◆ Work item ◆
The material below has pictures in it. Set down only the lines from the line containing "Once you've completed" through the line containing "The light is", word for word, and leave the pictures behind.

◆ Records provided ◆
════════

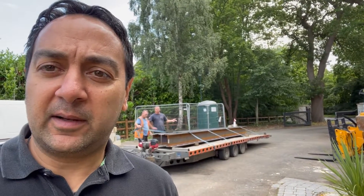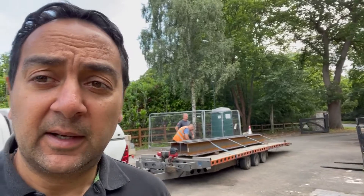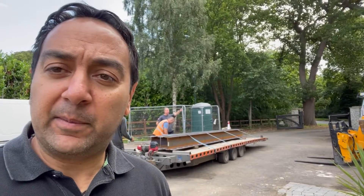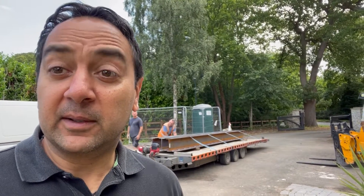Hey YouTube, welcome back to Sands Designs where I'm building a six-car garage. Today the steels have arrived and in this video we'll be talking about how we put the structural steels in, making it all nice, safe and secure, ready for the main build. Stay tuned.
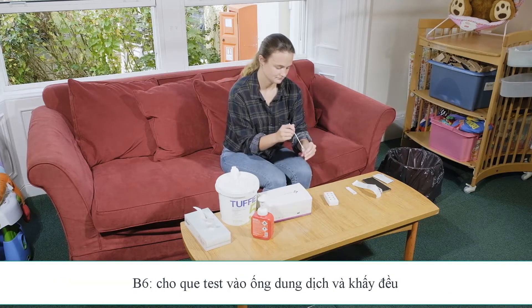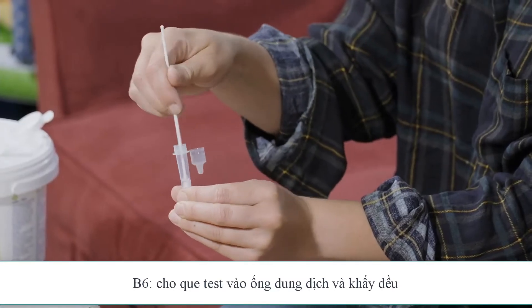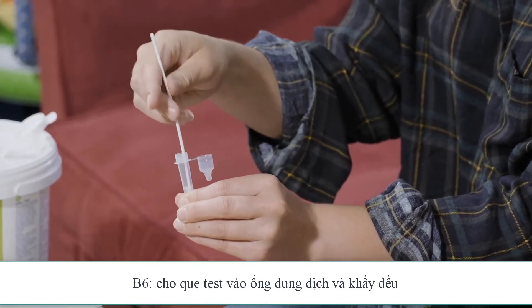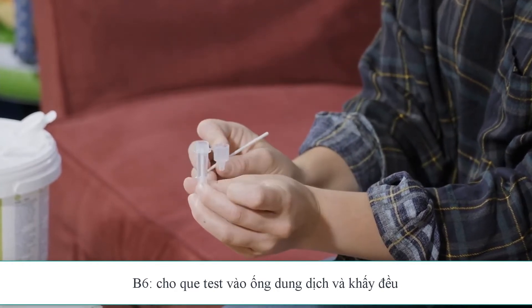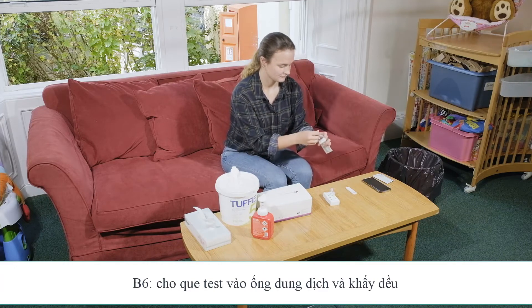Once you've completed this, put the swab into the extraction tube and rotate it in the fluid for 10 seconds, while squeezing the base of the tube gently. Lift the swab slightly, then break at the brake point. Leave the swab head in the extraction tube and dispose of the handle.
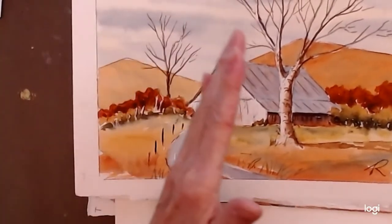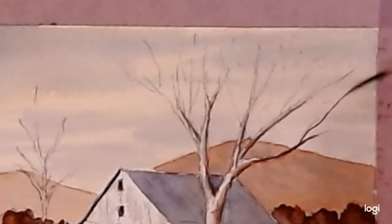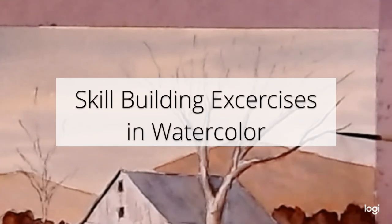The light is coming from the left. I'm just going to make some little tiny goodies like that.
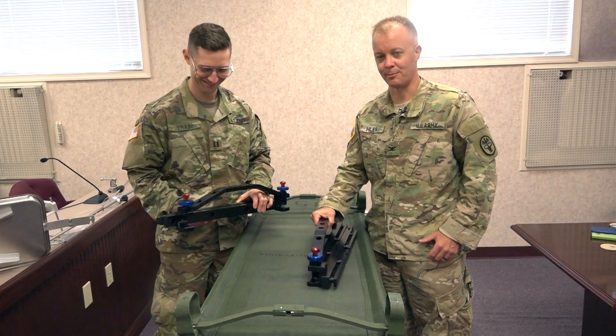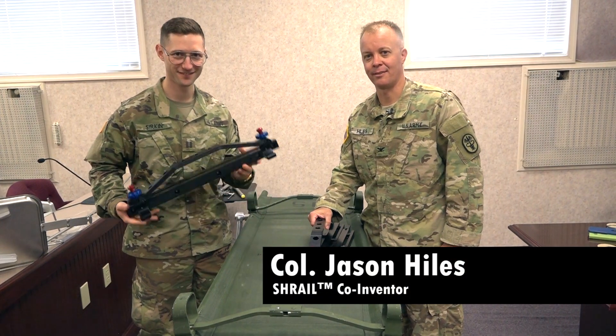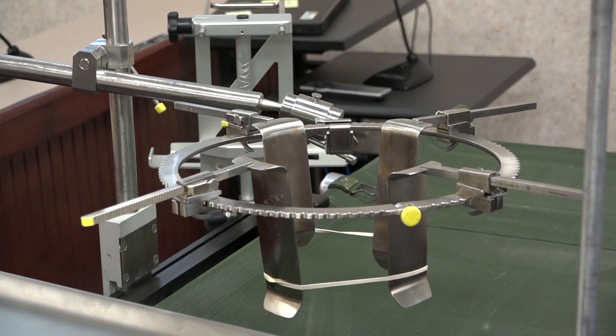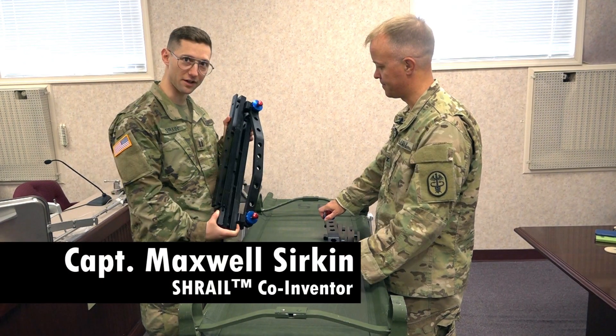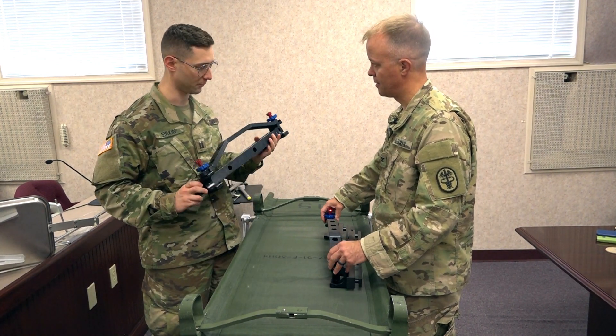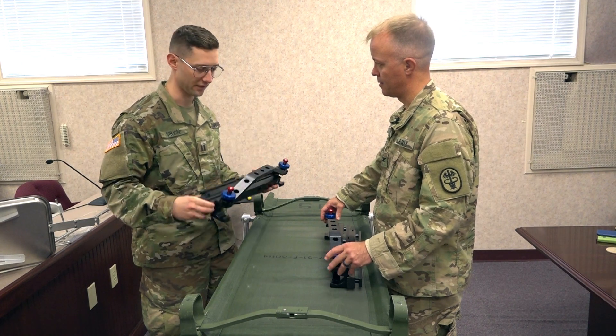We're going to take the Shrail and assemble it on an inverted litter, then flip the litter over once it's assembled so you can see it. This is how they come packaged before you break them apart. When you're carrying them in a ruck or in a vehicle, there'll be two of these. Each half looks like this.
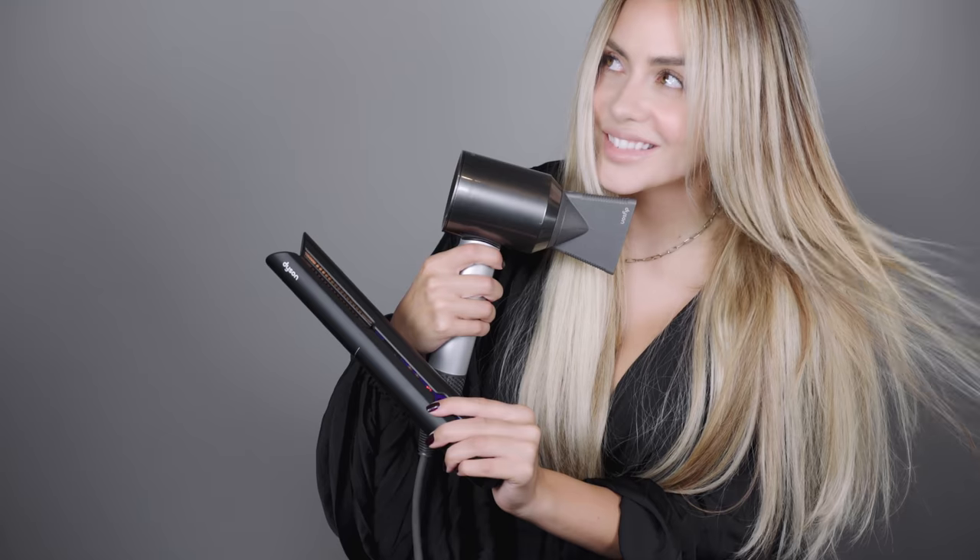Hi everyone, welcome back to my channel. In today's video we are going to do an updated how I style my new hair, featuring the Dyson Corral straightener and also the Dyson blow dryer. This video is in collaboration with Dyson, which I am so excited to be working with. Excited to be bringing you new hairstyles featuring incredible hair tools.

════════

◆ Solution below ◆
Once you've completed this, put the swab into the extraction tube and rotate it in the fluid for 10 seconds, while squeezing the base of the tube gently. Lift the swab slightly, then break at the brake point. Leave the swab head in the extraction tube and dispose of the handle.
The light is coming from the left. I'm just going to make some little tiny goodies like that.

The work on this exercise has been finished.